What is required: The answer should hold only the lines from the one containing "C-sharp Directive helps" through the one containing "Now when it" in the entries below, copied exactly, without pictures.

Task data:
* * * * *

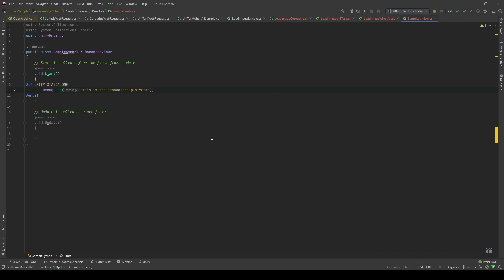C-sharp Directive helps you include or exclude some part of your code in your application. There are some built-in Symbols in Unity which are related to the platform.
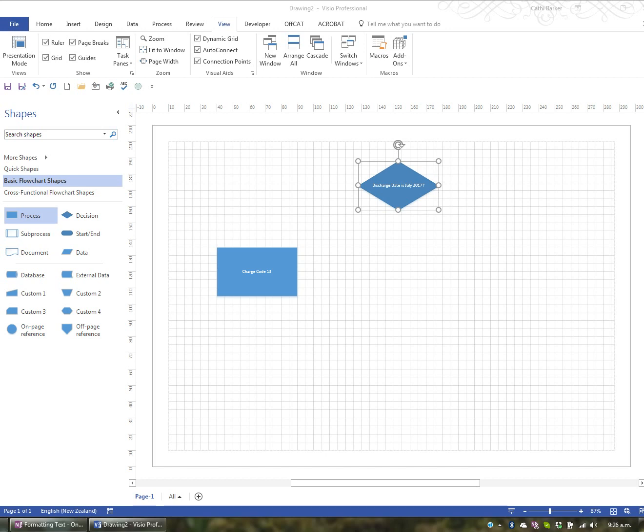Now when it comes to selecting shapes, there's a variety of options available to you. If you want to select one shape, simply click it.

* * * * *

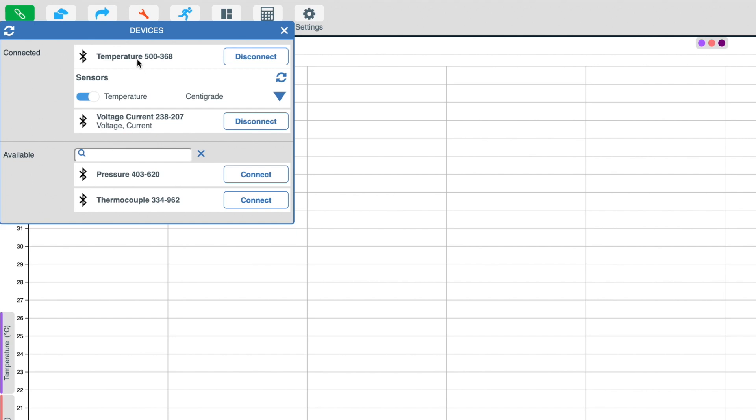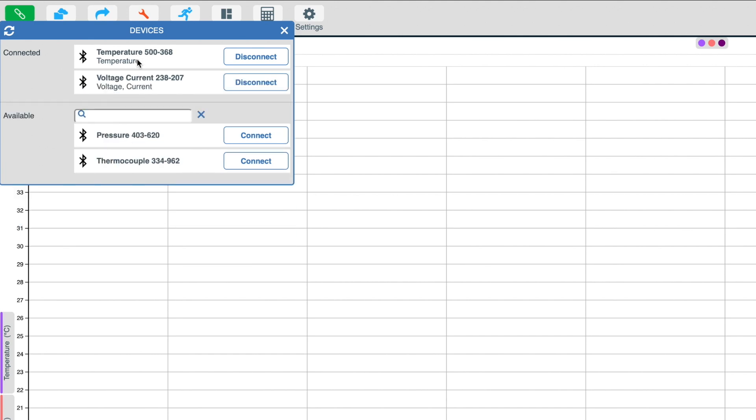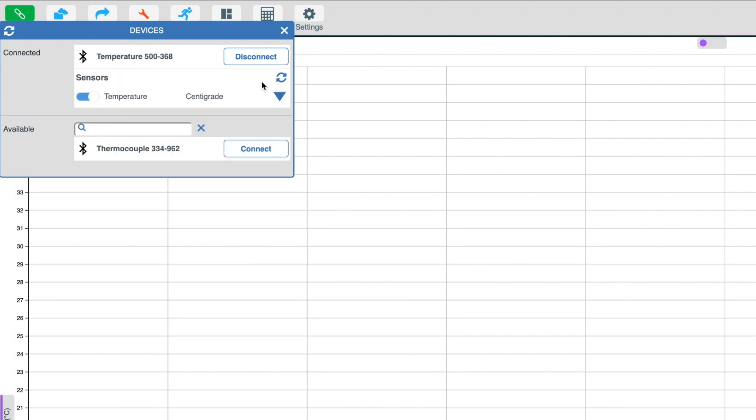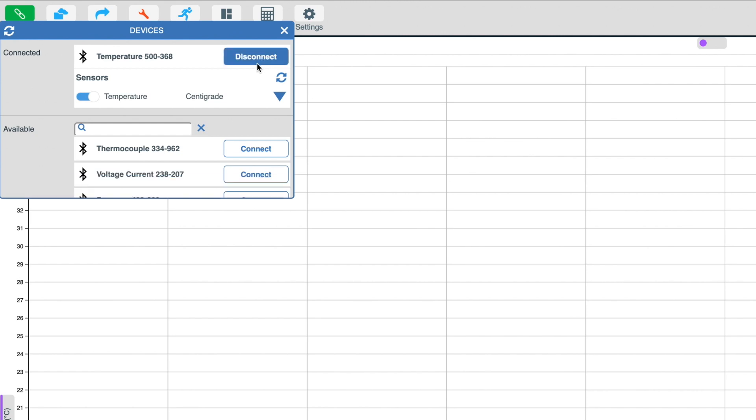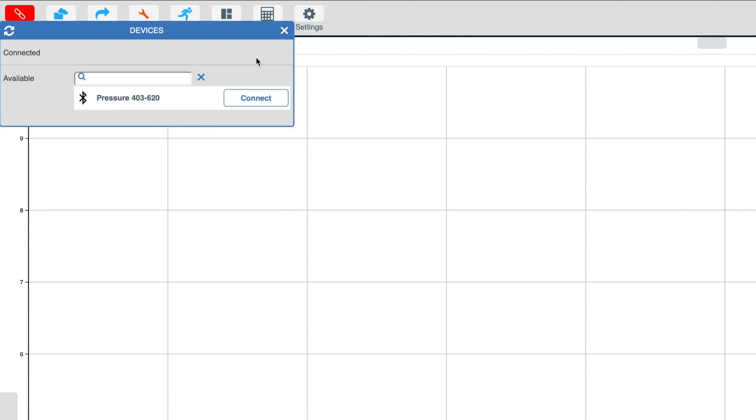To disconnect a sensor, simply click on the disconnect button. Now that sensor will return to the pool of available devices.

* * * * *

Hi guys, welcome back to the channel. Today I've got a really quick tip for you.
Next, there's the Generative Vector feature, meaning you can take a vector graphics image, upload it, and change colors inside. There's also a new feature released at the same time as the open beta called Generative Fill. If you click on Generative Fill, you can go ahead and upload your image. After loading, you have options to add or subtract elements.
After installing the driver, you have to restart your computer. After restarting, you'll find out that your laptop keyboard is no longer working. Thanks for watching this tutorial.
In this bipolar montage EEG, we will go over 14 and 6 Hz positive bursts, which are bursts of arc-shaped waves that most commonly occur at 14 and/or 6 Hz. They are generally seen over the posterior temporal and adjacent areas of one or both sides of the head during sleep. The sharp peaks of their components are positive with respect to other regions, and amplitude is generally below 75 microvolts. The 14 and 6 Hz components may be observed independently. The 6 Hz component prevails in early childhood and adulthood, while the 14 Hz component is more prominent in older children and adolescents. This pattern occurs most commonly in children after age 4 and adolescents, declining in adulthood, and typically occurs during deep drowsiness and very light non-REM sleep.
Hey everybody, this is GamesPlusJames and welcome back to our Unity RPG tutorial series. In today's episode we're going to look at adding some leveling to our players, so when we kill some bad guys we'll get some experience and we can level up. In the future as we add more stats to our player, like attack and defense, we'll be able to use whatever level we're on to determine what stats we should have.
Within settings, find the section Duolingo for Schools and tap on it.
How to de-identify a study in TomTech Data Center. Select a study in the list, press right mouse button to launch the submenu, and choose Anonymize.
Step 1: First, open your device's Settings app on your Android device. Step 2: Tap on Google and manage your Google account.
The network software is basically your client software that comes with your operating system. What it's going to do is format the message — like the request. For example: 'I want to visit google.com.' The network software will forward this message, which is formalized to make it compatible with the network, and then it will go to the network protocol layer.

* * * * *

Solution to the problem:
C-sharp Directive helps you include or exclude some part of your code in your application. There are some built-in Symbols in Unity which are related to the platform.
Now when it comes to selecting shapes, there's a variety of options available to you. If you want to select one shape, simply click it.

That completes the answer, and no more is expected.